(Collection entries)
────────

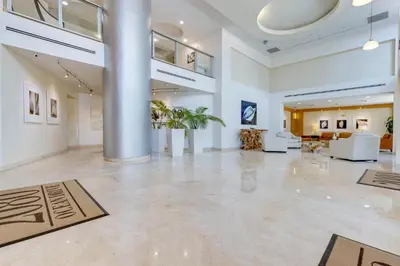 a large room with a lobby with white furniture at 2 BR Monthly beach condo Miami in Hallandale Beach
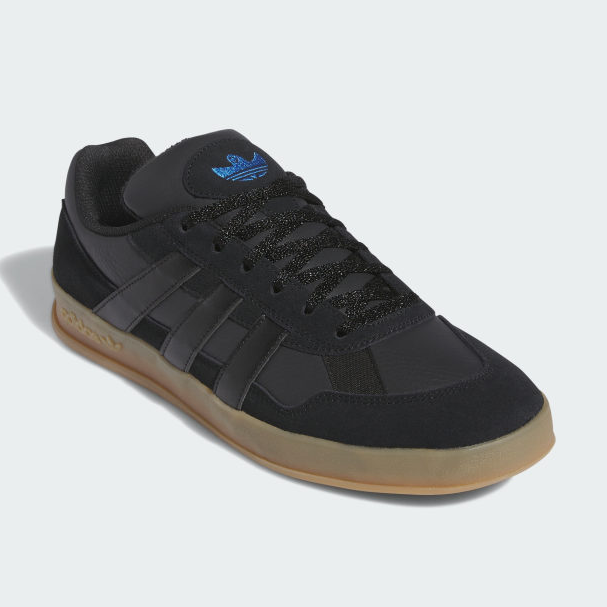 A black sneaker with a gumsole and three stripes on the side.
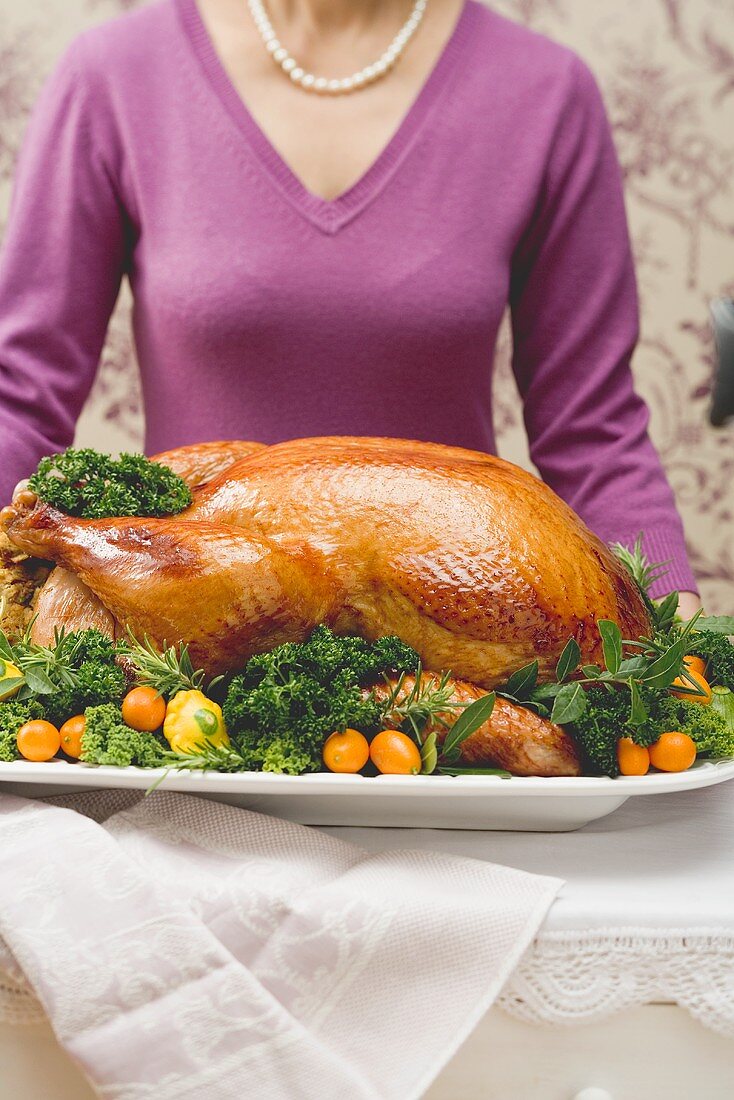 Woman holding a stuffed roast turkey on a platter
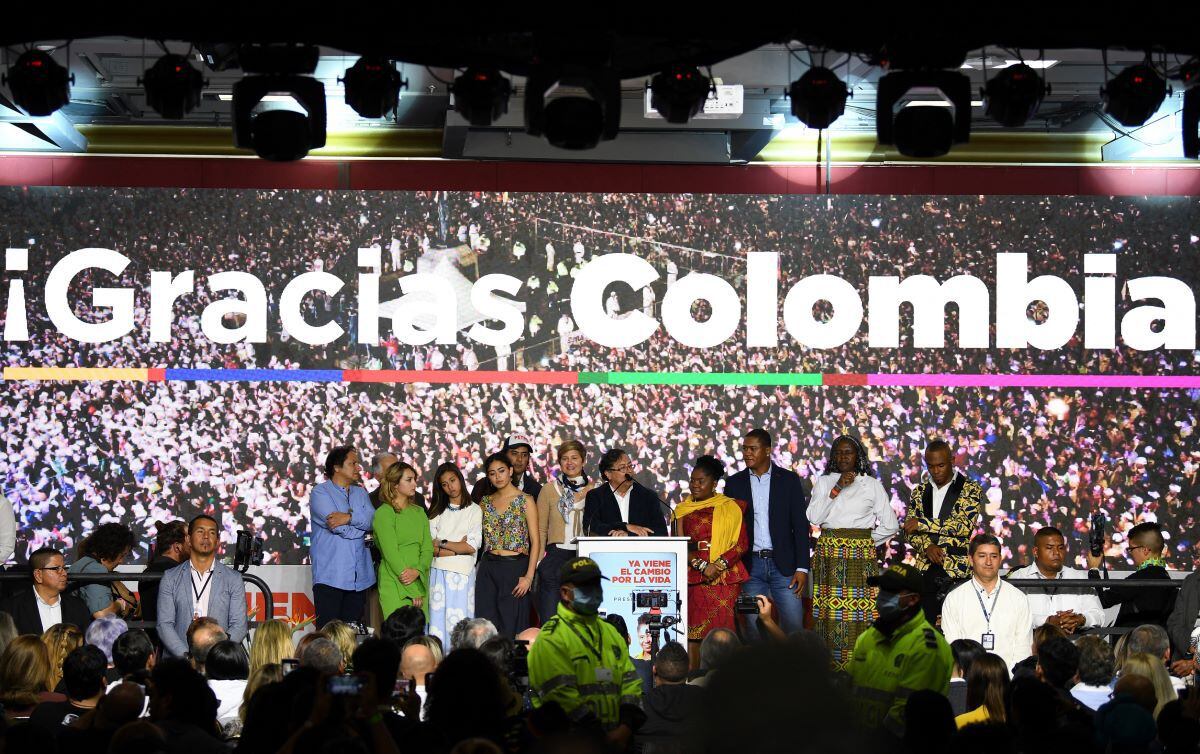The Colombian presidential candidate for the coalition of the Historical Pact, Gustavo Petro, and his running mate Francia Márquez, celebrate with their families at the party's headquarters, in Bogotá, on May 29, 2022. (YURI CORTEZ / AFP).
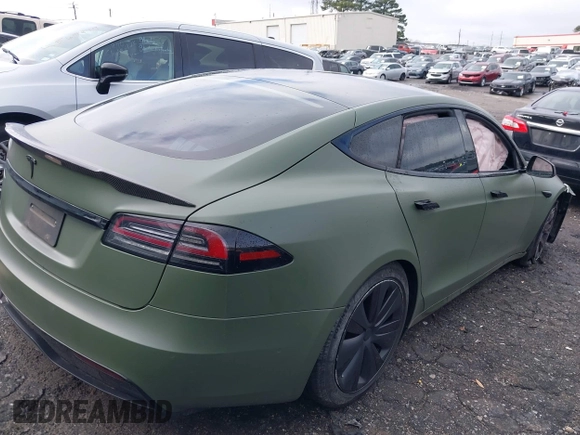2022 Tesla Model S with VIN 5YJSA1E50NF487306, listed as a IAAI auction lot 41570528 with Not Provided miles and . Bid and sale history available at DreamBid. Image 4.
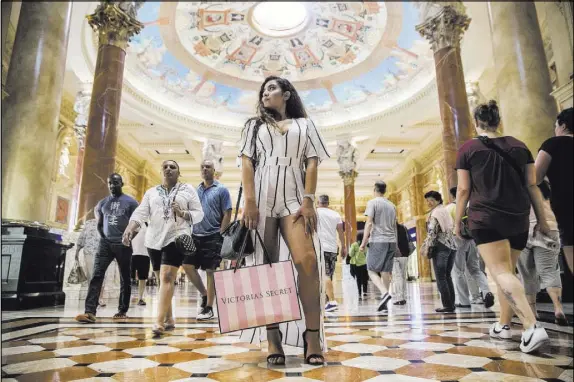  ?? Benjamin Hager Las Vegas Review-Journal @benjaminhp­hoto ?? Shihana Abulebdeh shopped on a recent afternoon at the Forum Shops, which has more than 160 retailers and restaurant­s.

────────

**Exercise requirements**
Print exactly the lines from the first line of the records above through the line containing "The Colombian presidential", leaving out the pictures.

**Solution to this problem**
 a large room with a lobby with white furniture at 2 BR Monthly beach condo Miami in Hallandale Beach
 A black sneaker with a gumsole and three stripes on the side.
 Woman holding a stuffed roast turkey on a platter
The Colombian presidential candidate for the coalition of the Historical Pact, Gustavo Petro, and his running mate Francia Márquez, celebrate with their families at the party's headquarters, in Bogotá, on May 29, 2022. (YURI CORTEZ / AFP).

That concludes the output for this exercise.